Após críticas de entidades relevantes na área como a Liga dos Bombeiros Portugueses, alertando sobretudo para as questões e as dificuldades operacionais, a componente de proteção civil a atribuir às juntas de freguesia aparece praticamente esvaziada na última versão da proposta de projeto-lei.
A nível de princípios, a proposta governativa portuguesa poderia afigurar-se fundamental, apoiando-se no documento orientador da Comissão Europeia que define a estratégia europeia para a implementação do Quadro de Sendai (documento SWD(2016) 205 final/2, de 17 de junho de 2016). Com efeito, neste documento a área prioritária 2 acentua o trabalho com as entidades interessadas, sobretudo autoridades e comunidades locais, no desenvolvimento de estratégias de consciencialização dos riscos e de medidas inclusivas de mitigação do risco.
Ora, a estrutura de proteção civil em vigor em Portugal, instituída por lei em 2006 após o ano de crise de 2003 (incêndios florestais, sobremortalidade por onda de calor, etc.), é hierárquica e fortemente centralizada na sua dinâmica de comando e na sua operacionalidade, numa lógica quase militar.

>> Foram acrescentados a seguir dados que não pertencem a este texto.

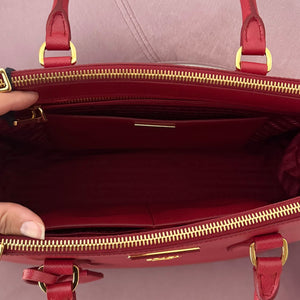 Borsa Galleria Large in Saffiano Prada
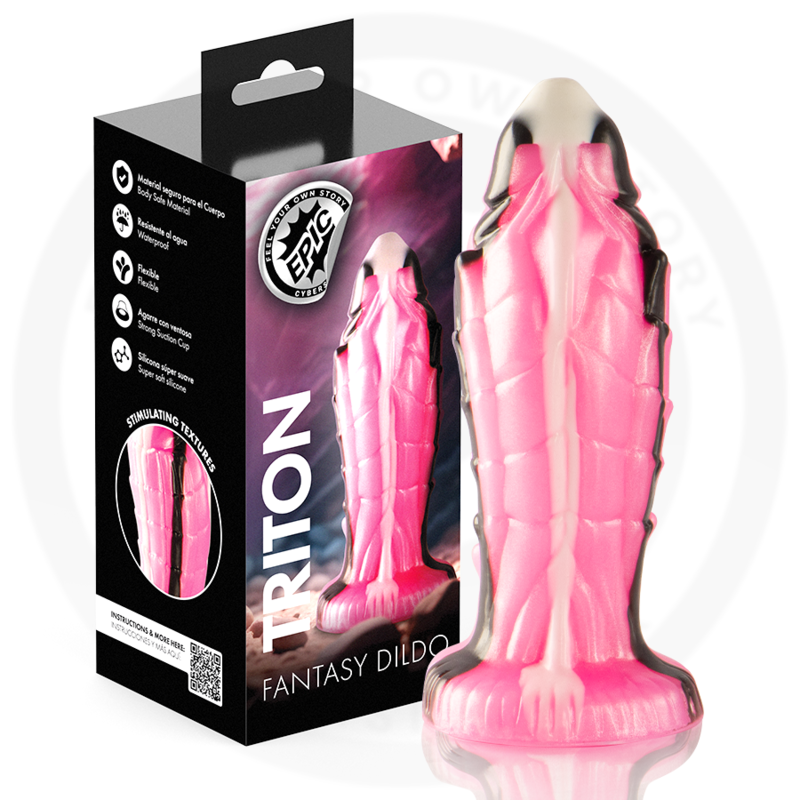 Mercadox EPIC - DILDO TRITON A FORÇA DO RÉPTIL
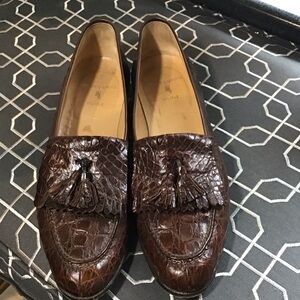 Polo by Ralph Lauren Dark Brown Crocodile uppers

Ausentes da sua filosofia ou lógica de atuação estão todos os conceitos relacionados com participação cidadã ou com estratégias de fomento de epistemologias cívicas, ou, pelo menos, de divulgação de informação capacitadora sobre cartas de riscos ou vulnerabilidades sociais, indutoras de comportamentos de autoproteção.
O alto nível de profissionalização e de competência técnica dos diferentes departamentos da Autoridade Nacional de Proteção Civil contrastam e esbarram com a rotatividade assente em ciclos políticos da estrutura operacional da proteção civil, com saídas e entradas constantes dos comandantes nacionais e distritais. Também a estrutura operacional da proteção civil necessita de consolidação de competências, de redes de interconhecimento, de capacidade de liderança, de confiança interinstitucional para ser eficaz e estar ao serviço dos cidadãos e das cidadãs.

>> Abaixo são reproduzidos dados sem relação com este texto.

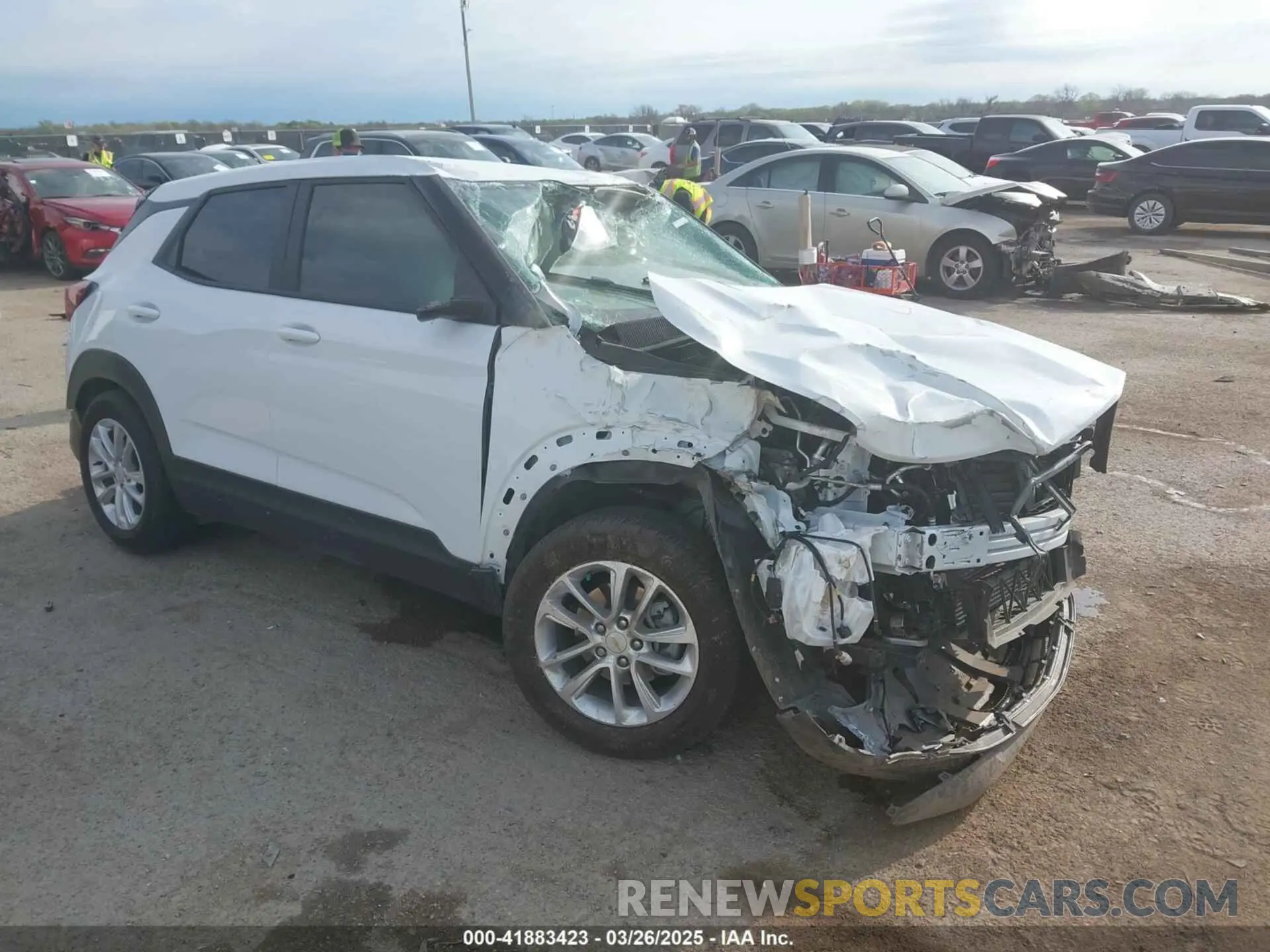 1 Photograph of a damaged car KL79MMSL0RB193095 CHEVROLET TRAILBLAZER 2024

Cientistas sociais de diversas orientações políticas têm alertado para a falácia da mudança social por decreto. Michel Crozier, um sociólogo francês conservador, que perante a iminência da tomada do poder em França pela esquerda, escreveu em 1979 o livro On ne change pas la societé par decret (não se muda a sociedade por decreto) que, independentemente de críticas contundentes e fundamentadas sobre o seu voluntarismo e a visão liberal da ação individual, apontou o peso da burocracia, a dificuldade das mudanças coletivas e o uso ineficaz dos decretos. James Scott, um sociólogo norte-americano libertário e anarquista, na sua obra de referência Seeing like a State (vendo como um Estado), mostra como o que chama de “modernismo avançado” se baseia numa engenharia social baseada na ciência e apoiada em planos e decretos, desvalorizando os conhecimentos e as práticas sociais locais.

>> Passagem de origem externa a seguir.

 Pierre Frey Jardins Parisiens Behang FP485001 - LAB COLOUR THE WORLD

A democratização da estrutura da proteção civil em Portugal não se promove por decreto, mas sim pela efetiva participação dos cidadãos e das cidadãs na revisão dos planos municipais de emergência e na produção e conhecimento da carta de riscos e de vulnerabilidades sociais. A democratização deve assentar mais na lógica do conhecimento e das práticas quotidianas no que em qualquer atuação esporádica de caráter operacional.